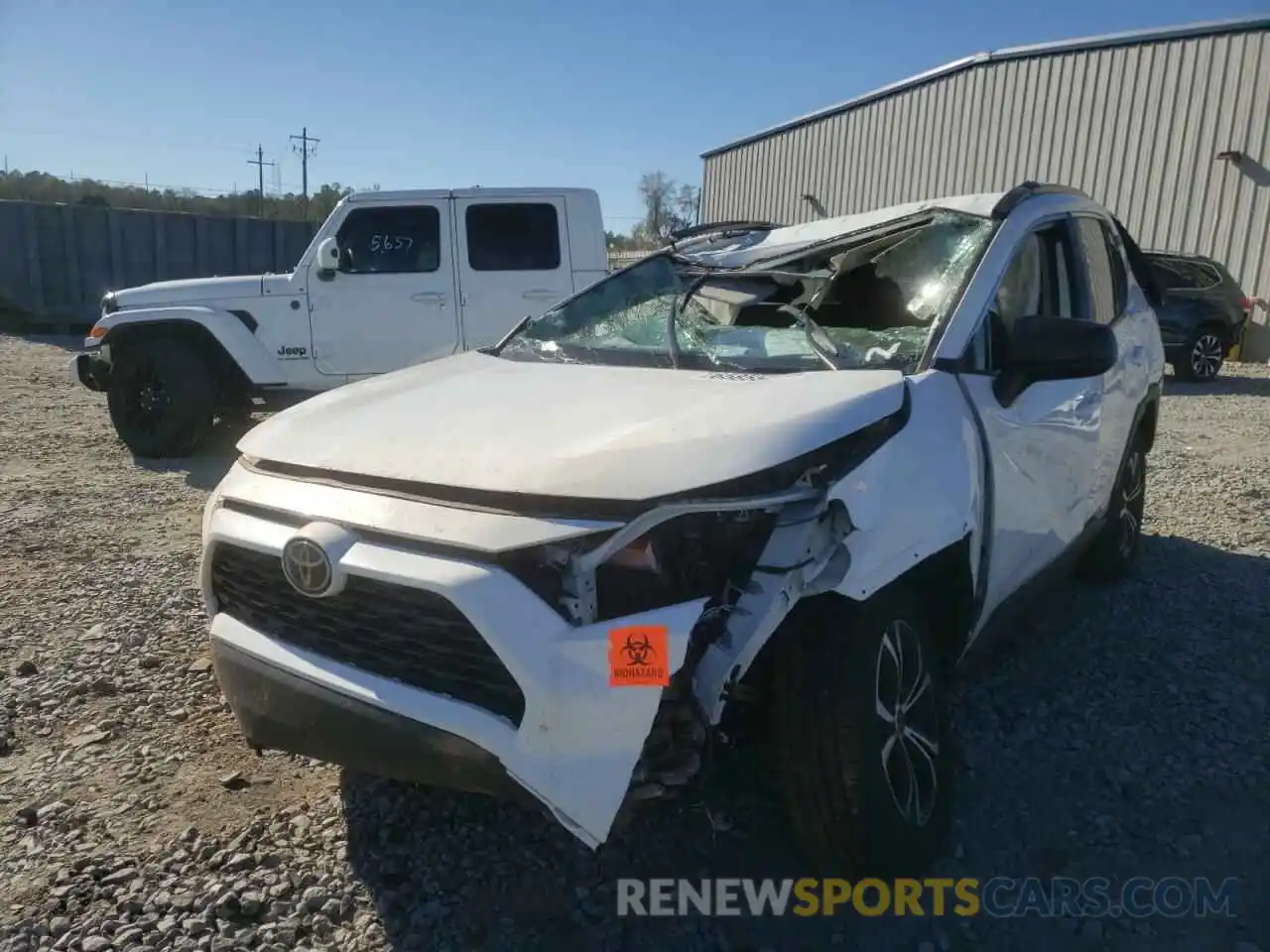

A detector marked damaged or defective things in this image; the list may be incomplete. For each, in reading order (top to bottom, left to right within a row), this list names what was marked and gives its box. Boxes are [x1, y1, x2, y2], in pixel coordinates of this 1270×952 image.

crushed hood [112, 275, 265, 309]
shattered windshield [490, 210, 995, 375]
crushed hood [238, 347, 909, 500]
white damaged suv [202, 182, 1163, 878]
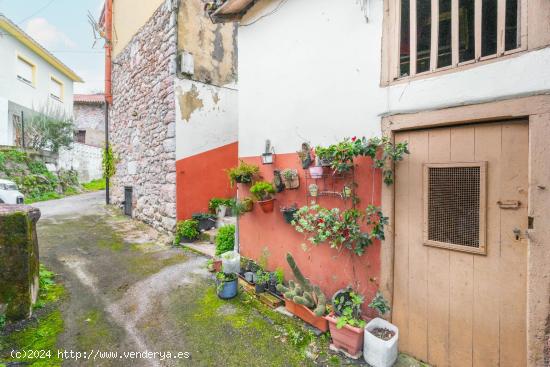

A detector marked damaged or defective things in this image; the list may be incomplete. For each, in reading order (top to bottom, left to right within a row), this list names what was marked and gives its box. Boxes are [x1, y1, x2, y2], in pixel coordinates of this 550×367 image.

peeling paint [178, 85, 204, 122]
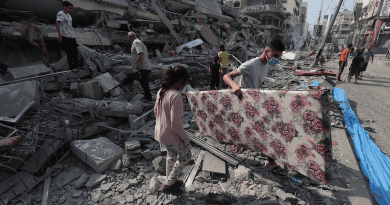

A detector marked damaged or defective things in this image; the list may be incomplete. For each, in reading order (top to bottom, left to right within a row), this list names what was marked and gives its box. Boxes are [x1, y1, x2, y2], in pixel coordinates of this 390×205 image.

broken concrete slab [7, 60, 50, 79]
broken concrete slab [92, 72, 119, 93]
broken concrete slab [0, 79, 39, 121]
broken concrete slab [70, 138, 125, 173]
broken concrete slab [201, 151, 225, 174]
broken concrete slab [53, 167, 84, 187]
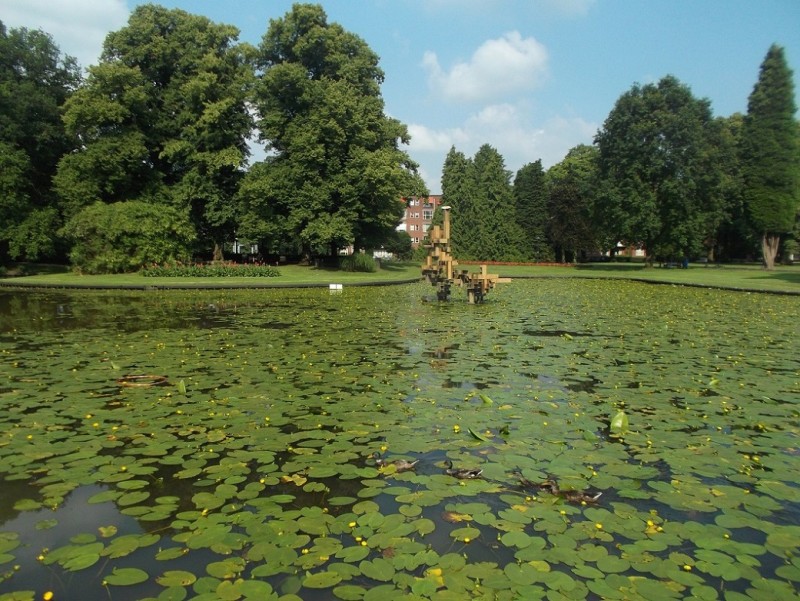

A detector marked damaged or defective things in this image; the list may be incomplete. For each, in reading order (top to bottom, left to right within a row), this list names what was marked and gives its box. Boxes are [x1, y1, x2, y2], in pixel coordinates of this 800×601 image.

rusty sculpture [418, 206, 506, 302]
....
> [Task to carry out] Everything in the records except the pictures is to be repeated exactly.

> [Final answer]
A detector marked damaged or defective things in this image; the list may be incomplete. For each, in reading order (top to bottom, left to right within a row), this list names what was marked and gives its box. Boxes are [x1, y1, x2, y2], in pixel coordinates of this 1270×952 image.

crushed hood [112, 275, 265, 309]
shattered windshield [490, 210, 995, 375]
crushed hood [238, 347, 909, 500]
white damaged suv [202, 182, 1163, 878]

A detector marked damaged or defective things in this image; the list may be incomplete. For each, in reading order (top to bottom, left to right within a row), this list names what was marked and gives its box. Boxes are [x1, y1, x2, y2], in pixel coordinates of this 550×367 image.

peeling paint [178, 85, 204, 122]

A detector marked damaged or defective things in this image; the list may be incomplete. For each, in reading order (top to bottom, left to right within a row), this list names what was marked and gives its box. Boxes are [x1, y1, x2, y2], in pixel coordinates of this 390×205 image.

broken concrete slab [7, 60, 50, 79]
broken concrete slab [92, 72, 119, 93]
broken concrete slab [0, 79, 39, 121]
broken concrete slab [70, 138, 125, 173]
broken concrete slab [201, 151, 225, 174]
broken concrete slab [53, 167, 84, 187]

A detector marked damaged or defective things in this image; the list may be incomplete. For each, in reading order (top to bottom, left to right within a row), this list names what was marked and gives its box. Boxes are [x1, y1, x2, y2], in pixel coordinates of this 800×601 image.

rusty sculpture [418, 206, 506, 302]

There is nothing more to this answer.